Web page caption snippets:
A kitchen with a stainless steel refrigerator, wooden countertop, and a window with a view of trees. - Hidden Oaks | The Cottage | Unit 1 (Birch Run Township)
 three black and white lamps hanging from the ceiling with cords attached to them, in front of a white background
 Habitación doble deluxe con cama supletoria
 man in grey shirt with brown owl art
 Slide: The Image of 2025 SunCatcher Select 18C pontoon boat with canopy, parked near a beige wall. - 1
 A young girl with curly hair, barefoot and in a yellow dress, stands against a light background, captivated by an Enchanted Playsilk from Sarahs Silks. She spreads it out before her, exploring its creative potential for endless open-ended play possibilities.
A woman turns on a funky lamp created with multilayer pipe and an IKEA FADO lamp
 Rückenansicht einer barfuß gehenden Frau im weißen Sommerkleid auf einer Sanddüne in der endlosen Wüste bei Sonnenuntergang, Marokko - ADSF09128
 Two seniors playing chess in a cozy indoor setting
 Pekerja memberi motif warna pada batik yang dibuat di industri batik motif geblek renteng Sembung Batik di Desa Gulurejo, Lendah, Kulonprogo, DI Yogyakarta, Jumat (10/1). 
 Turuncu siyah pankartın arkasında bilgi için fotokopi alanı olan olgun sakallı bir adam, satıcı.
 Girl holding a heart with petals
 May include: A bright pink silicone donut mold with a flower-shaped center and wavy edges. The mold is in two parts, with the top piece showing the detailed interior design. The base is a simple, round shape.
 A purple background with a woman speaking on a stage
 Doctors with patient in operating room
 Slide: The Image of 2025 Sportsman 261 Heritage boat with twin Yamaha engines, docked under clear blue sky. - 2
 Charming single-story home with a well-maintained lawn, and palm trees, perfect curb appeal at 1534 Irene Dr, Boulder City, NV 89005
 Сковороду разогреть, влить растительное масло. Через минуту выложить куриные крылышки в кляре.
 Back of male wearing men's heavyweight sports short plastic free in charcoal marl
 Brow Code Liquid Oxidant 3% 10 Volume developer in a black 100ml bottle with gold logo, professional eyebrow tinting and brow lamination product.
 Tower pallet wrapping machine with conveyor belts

• TASK OBJECTIVE: The string "trees" may appear in lines of the entries above. Say how many such lines there are, as a number only.

• ANSWER: 2